From Newsgroup: alt.comp.os.windows-11
On Mon, 9/29/2025 3:20 AM, Jeff Barnett wrote:
On 9/21/2025 2:23 AM, J. P. Gilliver wrote:
On 2025/9/21 4:0:59, Paul wrote:
[]
Purely for your amusement, you could try a bad block scan of the drive.
This is pretty old software itself, having been released in 2008. The last >>> column over will check whether the blocks have bad CRC. That version of
HDTune, does not do writes, so it should not make the SSD health any worse. >>>
-a-a-a https://www.hdtune.com/files/hdtune_255.exe
<MAJOR SNIPING>
I thought that reading a "unit" on an SSD caused tits contents to be rewrote in another unit and the original to go in a pool (over partition?) that is used for wear leveling So whether that utility writes or not, the SSD will have its pot stirred.

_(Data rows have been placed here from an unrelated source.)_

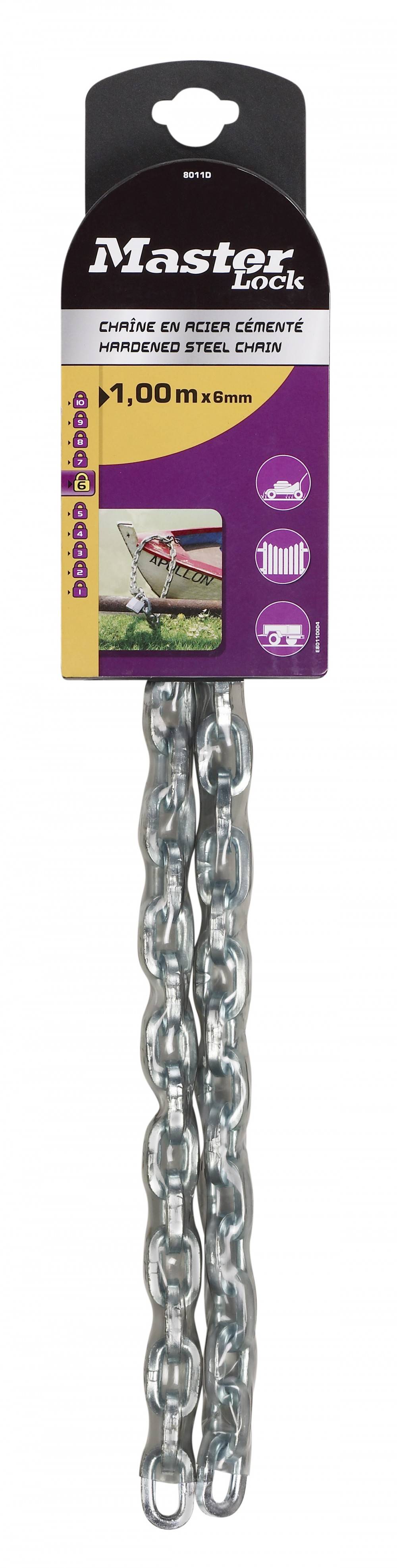Master Lock - Master Lock 8011EURD Chaîne en acier cémenté, 100 cm x 0,6 cm - Image 2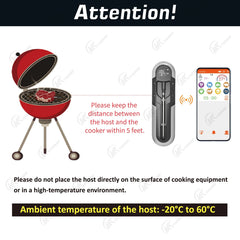 Wireless Cooking Thermometer Food Meat Steak Digital Bluetooth Barbecue Accessories Kitchen Oven Grill BBQ Smart Thermometers
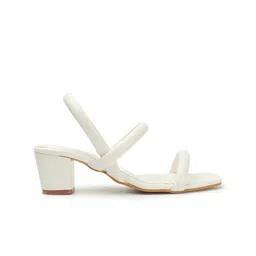 ELLE Open Toe Block Heels image 4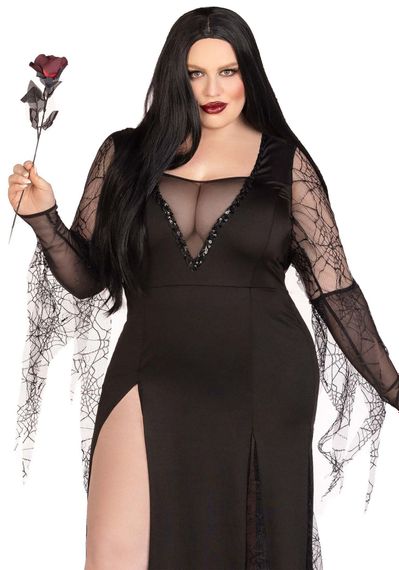 Костюм Мортиши Аддамс Leg Avenue Sexy Spooky Morticia Черное 3XL/4XL (3X/4X) | Зображення 2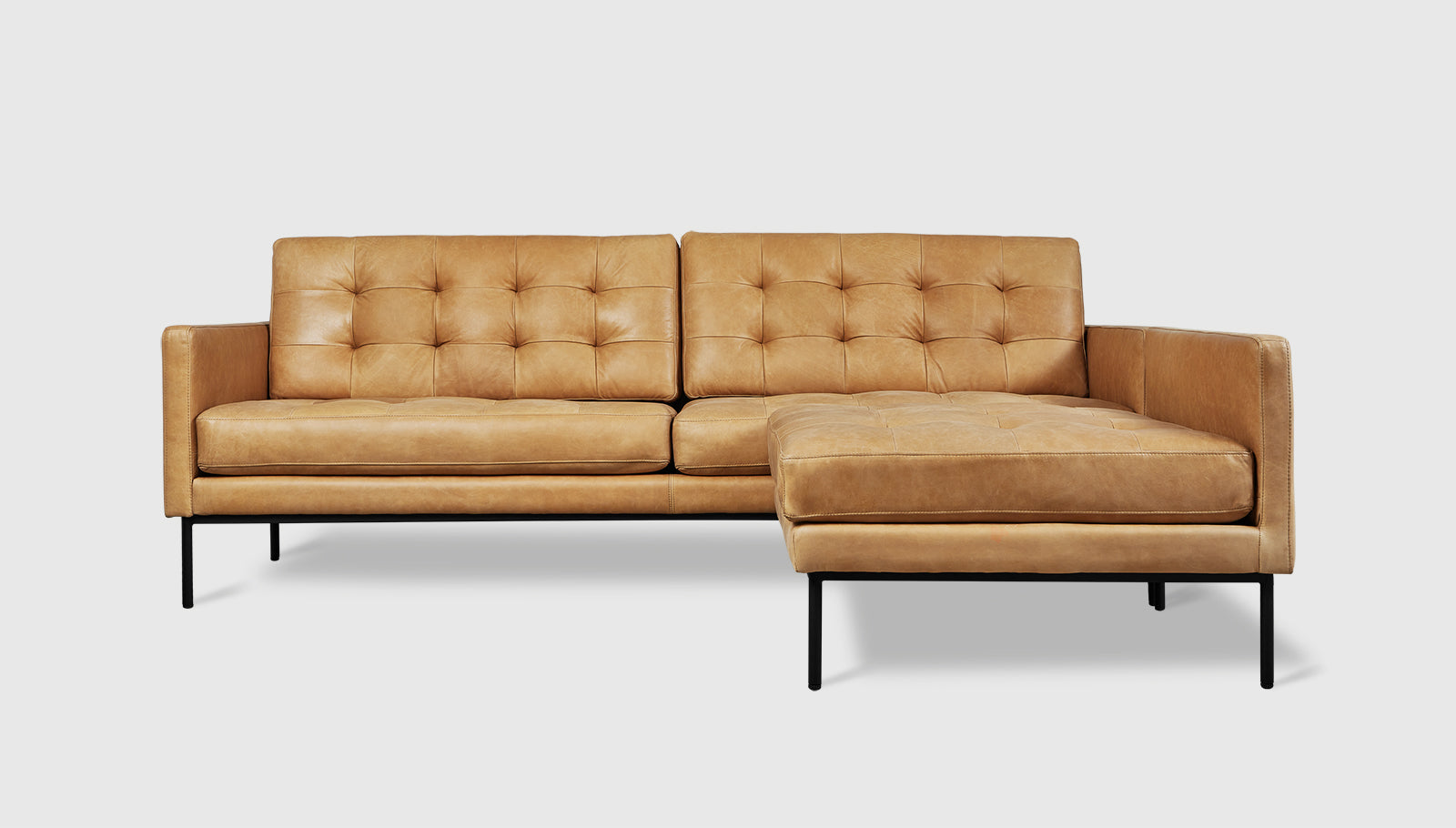 Towne Bi-Sectional Sectional Gus*     Four Hands, Mid Century Modern Furniture, Old Bones Furniture Company, Old Bones Co, Modern Mid Century, Designer Furniture, https://www.oldbonesco.com/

Is my memory wrong about this?
When a drive is TRIMmed, the OS sends a list of LBAs known to
not be used, and those can be put in the Free Pool and prepared
for usage. The preparation for usage is an Erase, which costs
one wear life. Any voltage changes in a NAND floating gate, can
cause small changes in crystal structure. Annealing a NAND cell
could fix these, extending life significantly, but we don't
know how to do that on a massive scale.
When you write a file, on a TLC or QLC device, the write method
can use an SLC cache (floating gate cell made to hold only one
bit, by changing the voltage threshold scheme), it costs you
one write for the SLC cache, and one write for the final placement
into TLC storage. The SLC cache is not a dedicated static thing,
it can be moved around by applying different voltage sensing
to any LBAs declared as being part of the cache area. It's not
like the critical-data-storage area, which might be an SLC area
at all times.
But reading is "free". It isn't DRAM and does not need refresh
in that sense. DRAM dribbles in milliseconds. The floating gate
in that case, is not protected by quantum mechanics.
On something like QLC, just about every sector read needs correction.
A 512 byte sector has 4KBits and the voltage thresholds are pretty tight.
If a read has one bit in error, this is easily corrected by Reed Solomon without needing the sector to be rewritten. The error corrector code
is quite strong and no reason to panic.
Say you read a sector and 20 bits out of 4096 are errored. Maybe the code
is still strong enough for this, correcting it. The syndrome is 50 bytes
on a 512 byte sector, to give some idea of the syndrome size.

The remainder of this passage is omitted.